Brief descriptive captions:
┄┄┄┄┄┄┄┄┄┄
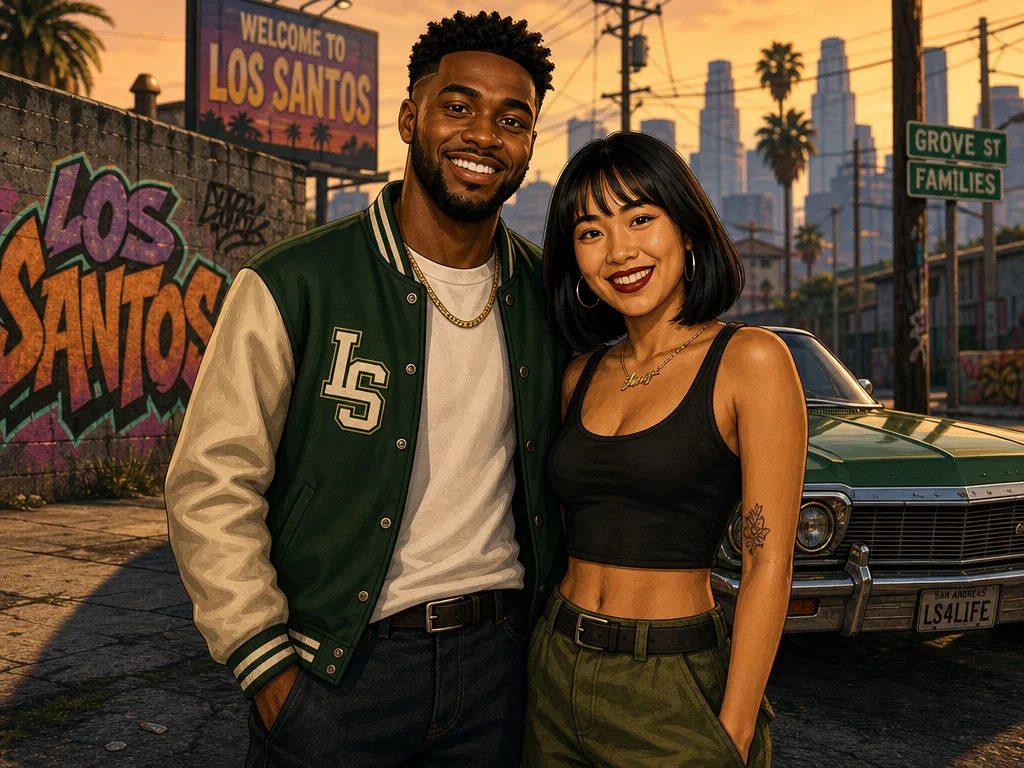 GTA Style Video Game — AI photo booth effect, Couple rendering
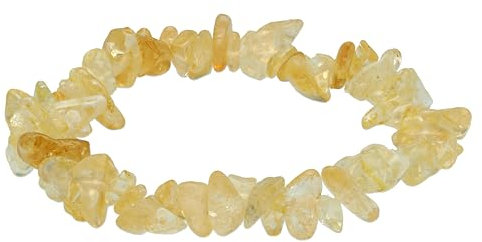 Lebensquelle Plus Citrin Splitterarmband | Handgefertigtes Elastisches Stretch Splitter Armband | Echter natürlicher Edelstein (Citrin)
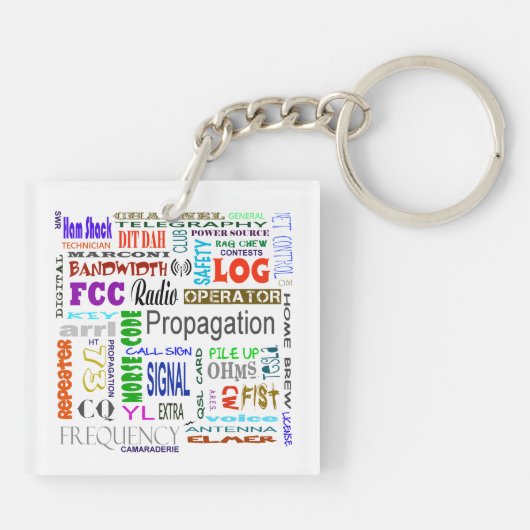 アマチュア無線の単語のコラージュのキーホルダーはそれをカスタマイズ! キーホルダー (裏面)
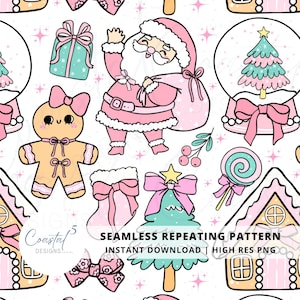 May include: A seamless repeating pattern featuring a variety of Christmas-themed illustrations, including gingerbread people, candy canes, snow globes, and Santa Claus. The illustrations are drawn in a cute, cartoon style and are colored in pink, green, and blue.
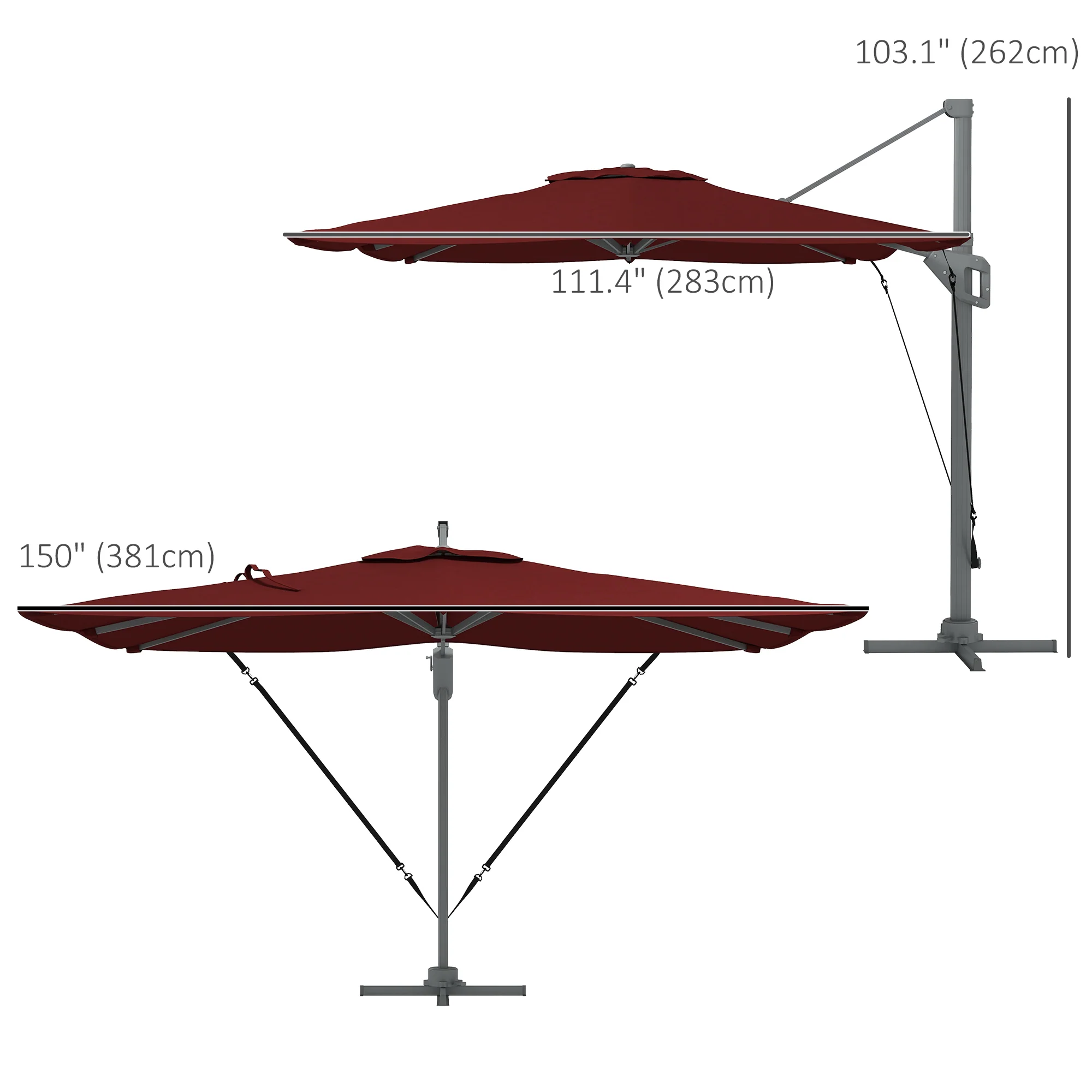10' x 13' Cantilever Patio Umbrella with Windproof Straps, 4-Position Tilt, 360° Rotation, Red - Image 5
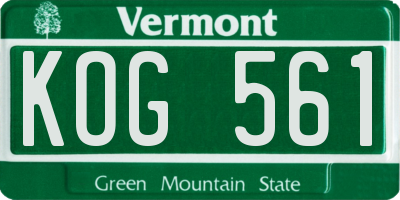 VT license plate KOG561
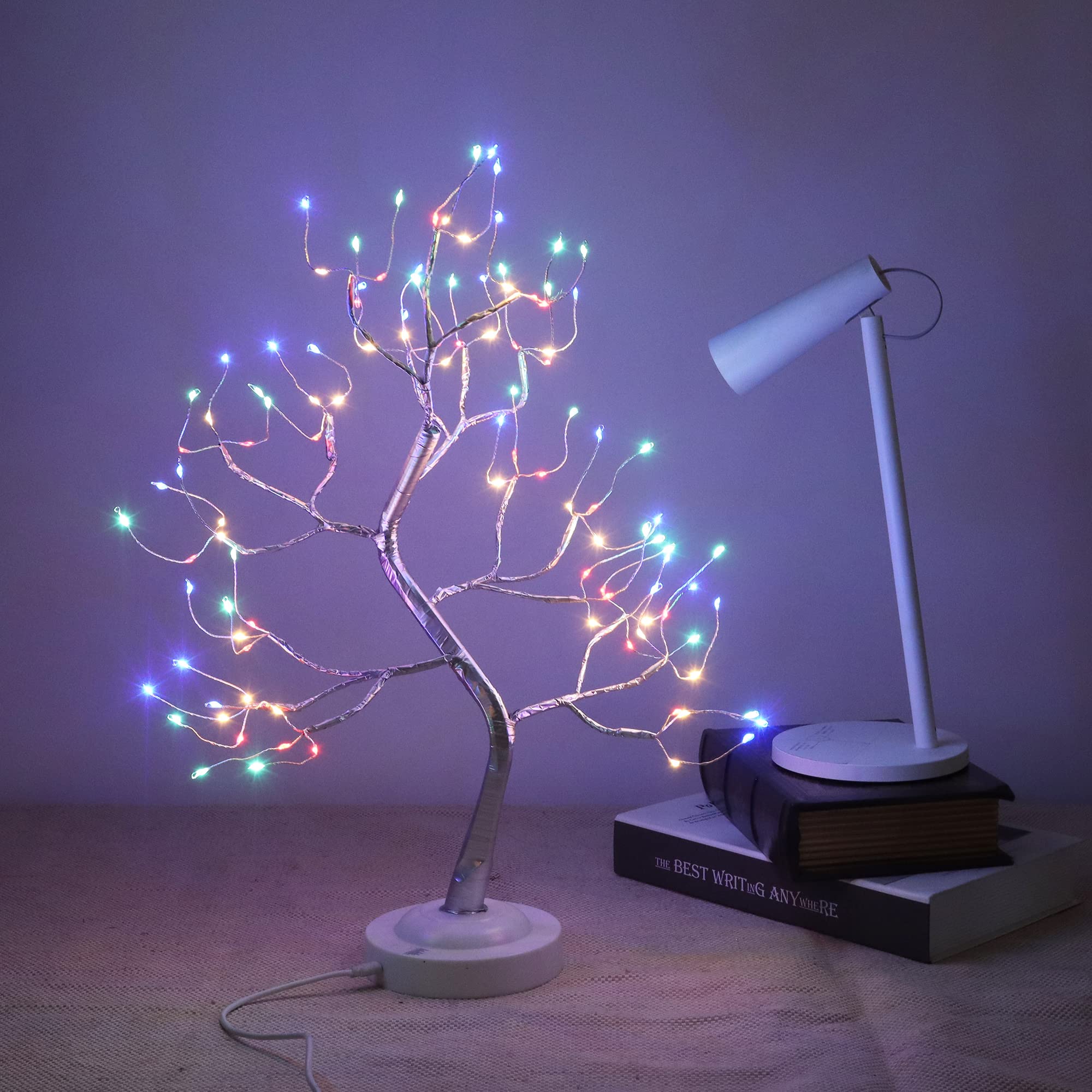 FUCHSUN 108 LED Bonsai Tree Light, Battery/USB Powered 20 Inch Tabletop Artificial Tree Lamp for Living Room Bedroom Christmas Home Decor, 8 Modes & 6 Hours Timer (Multicolored)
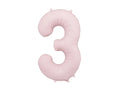 Foil number balloon "3" matte pink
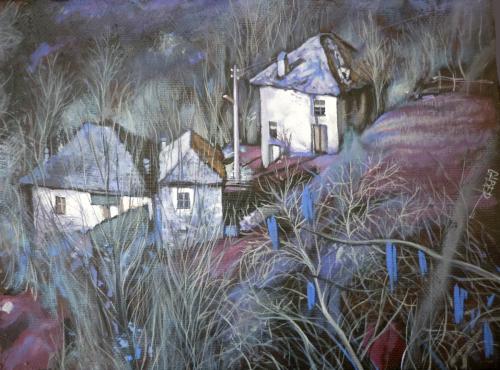 ,,Landscape in blue,, 30x40 sm mix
┄┄┄┄┄┄┄┄┄┄
**What you need to do**
Beginning with the line that contains "10' x 13' Cantilever" and ending with the final line of the entries, every line must be copied exactly; the pictures must not.

**Exercise response**
10' x 13' Cantilever Patio Umbrella with Windproof Straps, 4-Position Tilt, 360° Rotation, Red - Image 5
 VT license plate KOG561
 FUCHSUN 108 LED Bonsai Tree Light, Battery/USB Powered 20 Inch Tabletop Artificial Tree Lamp for Living Room Bedroom Christmas Home Decor, 8 Modes & 6 Hours Timer (Multicolored)
 Foil number balloon "3" matte pink
 ,,Landscape in blue,, 30x40 sm mix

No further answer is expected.